There were a limited number of spots for each visiting time based on the layout of the room, but we were never denied a spot. On a few days, we were the only people in the room. It’s sad, especially when someone in my pod would posture like they didn’t care, but you could tell otherwise.

Anything out of the ordinary in jail is good. I often told people I didn’t feel like I was doing hard time, I was just doing long time. Breaking up the monotony was important and seeing my wife or someone else was good. It kept me connected to the outside world. It was the same reason I called home every single day while I did my time.
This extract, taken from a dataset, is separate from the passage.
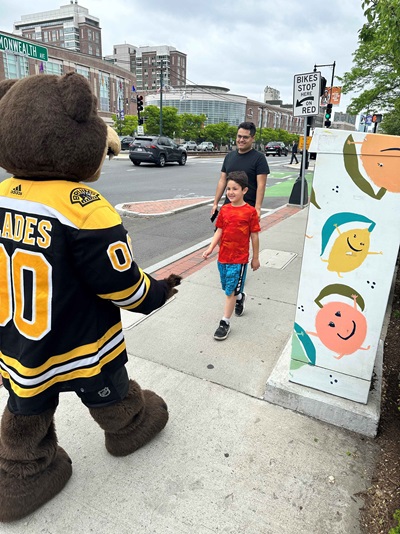 Blades the mascot greeting a child and their father outside of the Comm Ave Sullivan Tire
If you ended up in the same room with someone who talked loud, it could be a bitch to try and communicate with the person visiting you on the other side of the glass. It was a challenge when the other inmate and their visitor started arguing, which happened a lot of the time with the younger inmates and their girlfriends. I’d see the female often carrying a baby in her arm and just know that kid already had a strike against him in the ballgame of life. I often felt more sad seeing the real-life characters from the stories people told back in the pod than seeing my own family. We were doing OK, everything considered.

The contact visit room had a couple long table running the length of the room. Visitors sat on the inside and inmates were against each wall. In both rooms, visitors were seated before inmates were allowed in. As far as contact went, it was only a hug at the end, but it was a sliver of normalcy every few weeks that made waiting until release data a little easier, and a little harder.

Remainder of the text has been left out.